— Data listing —
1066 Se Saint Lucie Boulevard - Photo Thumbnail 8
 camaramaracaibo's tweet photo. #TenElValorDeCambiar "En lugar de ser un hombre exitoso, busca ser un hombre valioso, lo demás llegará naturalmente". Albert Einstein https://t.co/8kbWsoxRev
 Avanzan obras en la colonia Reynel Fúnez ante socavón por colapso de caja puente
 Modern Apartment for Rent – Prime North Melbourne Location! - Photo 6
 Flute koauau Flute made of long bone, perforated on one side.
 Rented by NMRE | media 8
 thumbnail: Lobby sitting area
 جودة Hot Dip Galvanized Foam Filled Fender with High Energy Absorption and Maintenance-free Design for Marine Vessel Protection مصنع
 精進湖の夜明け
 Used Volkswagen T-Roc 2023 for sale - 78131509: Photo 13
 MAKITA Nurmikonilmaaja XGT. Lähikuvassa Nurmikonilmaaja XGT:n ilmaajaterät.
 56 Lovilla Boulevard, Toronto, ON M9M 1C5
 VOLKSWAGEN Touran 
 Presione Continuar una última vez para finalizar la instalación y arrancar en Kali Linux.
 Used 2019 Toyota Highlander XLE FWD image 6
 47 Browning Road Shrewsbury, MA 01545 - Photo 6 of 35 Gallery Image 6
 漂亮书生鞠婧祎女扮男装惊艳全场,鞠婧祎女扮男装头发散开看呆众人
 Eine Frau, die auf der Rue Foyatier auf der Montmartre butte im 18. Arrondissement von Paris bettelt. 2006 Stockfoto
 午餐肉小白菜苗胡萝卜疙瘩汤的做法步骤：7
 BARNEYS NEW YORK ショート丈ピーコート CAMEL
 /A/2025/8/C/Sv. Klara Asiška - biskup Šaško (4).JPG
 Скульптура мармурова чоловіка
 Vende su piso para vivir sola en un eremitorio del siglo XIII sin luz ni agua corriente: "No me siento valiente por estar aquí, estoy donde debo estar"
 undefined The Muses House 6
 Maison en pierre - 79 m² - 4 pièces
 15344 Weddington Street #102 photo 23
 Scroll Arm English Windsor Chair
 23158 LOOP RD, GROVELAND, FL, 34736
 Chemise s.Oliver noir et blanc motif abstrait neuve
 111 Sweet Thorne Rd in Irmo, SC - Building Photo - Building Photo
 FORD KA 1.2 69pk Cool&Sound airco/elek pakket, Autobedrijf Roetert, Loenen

— To do —
All lines from the opening of the records through the line where "Flute koauau Flute" occurs are to be output verbatim. No other line belongs in the answer.

— Reply to the exercise —
1066 Se Saint Lucie Boulevard - Photo Thumbnail 8
 camaramaracaibo's tweet photo. #TenElValorDeCambiar "En lugar de ser un hombre exitoso, busca ser un hombre valioso, lo demás llegará naturalmente". Albert Einstein https://t.co/8kbWsoxRev
 Avanzan obras en la colonia Reynel Fúnez ante socavón por colapso de caja puente
 Modern Apartment for Rent – Prime North Melbourne Location! - Photo 6
 Flute koauau Flute made of long bone, perforated on one side.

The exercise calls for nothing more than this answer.